Cancer is an evil word. It’s impossible to say it without the enemy running right behind the sound of the word carrying a flaming arrow of fear pointed straight at the heart.
I hate cancer.
But here’s the deal that boggles my mind. I mean really plays games with my paradigm of thought. GOD
CAN DO GREAT THINGS THROUGH CANCER.
What? The truth of this goes way back to when Joseph told his abusing brothers, “What you meant for evil, God used for good.” The actual verse is in Genesis 50:20.
I am in turmoil right now. I don’t doubt that God loves me and my sister with a passion I cannot fathom. I believe that. But why did my Abba Daddy, the One who has carried me through so much in my life allow evil into our family right now? Why did He allow my big sister to get cancer? I will probably never know the answer to this. God knows things He just doesn’t tell us. I get this. It’s about faith and exercising my belief in a God who I cannot see, but who I believe is real and loving and kind and all knowing. I go to the gym 5-6 days a week. But I feel that I’m exercising my faith muscle more than any other these days.
Really, Lord? You can use this evil disease for good?
So show me. I said this like a two year old stamping her feet and pouting.
Today, He began to show me.
This morning my sister had her first chemotherapy treatment. Last night I prayed for her, knowing she, like me, would be nervous and instead of sugar plums, visions of what ifs would be dancing through her mind. This morning I called and left a message.
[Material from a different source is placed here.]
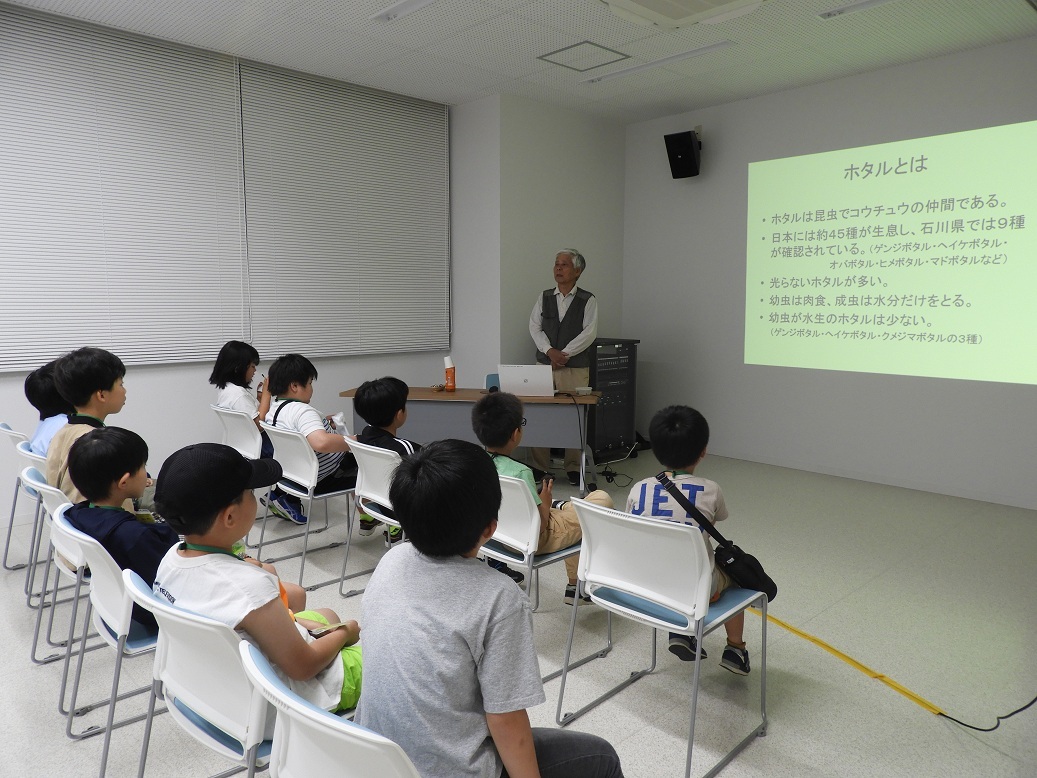 DSCN5532.JPG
I asked folks on Facebook to pray for her.
At 9:30 my time she called.
“Hello.” I said.
Her voice was chipper and reminded me of a third grader bragging to everyone cause she finished the quiz first. I smiled, listening.
“How was it?”
Karen told me details and shared her experience. She felt a little nauseous but wasn’t sure if that wasn’t just cause of all the nerves.
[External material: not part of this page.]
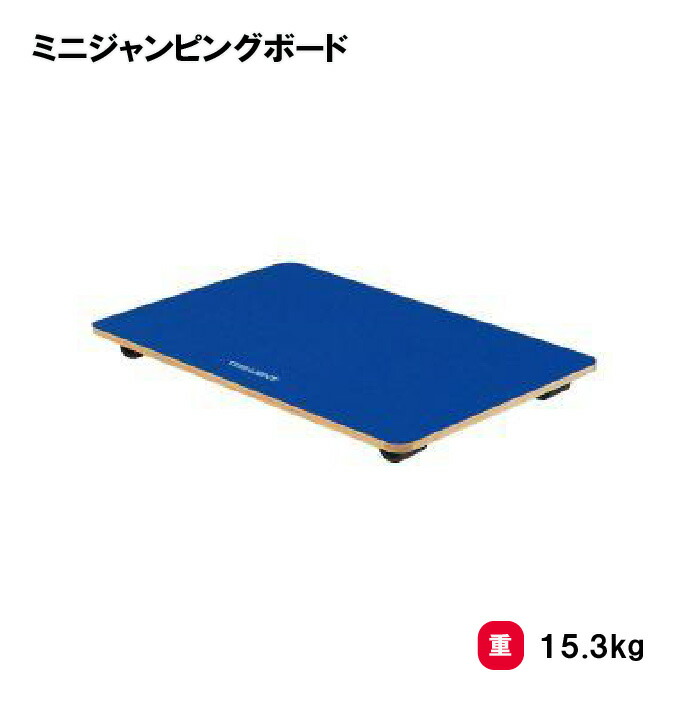 楽天市場】【法人限定】エバニュー エバーマット 二つ折 幅200×長さ400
“And there were a couple of bright spots.”
“When I went in, I heard someone call out, ‘Karen!’ ”
A woman she’d worked with twenty years earlier, now worked there.
“It was old home week, sharing stories and laughing. Made me feel so good because I know someone there.” The smile in her voice caused me to giggle.
“Divine appointment, for sure.”
“Yes, thank you, Lord! And then Jennifer showed up at the door as I was leaving to support me, too.”
I laughed again.“Wow. So cool.”
“Completely. Two spots of joy before and after they poisoned me.”
She made me giggle again. This conversation was not going anything like I thought it would.
“Oh and they provided a blanket for me, but I brought one, also, and put it on top of the one they gave me. It’s one that Linda (her best friend and old college roommate) gave me for my birthday or Christmas. It’s beautiful and a gorgeous purple.”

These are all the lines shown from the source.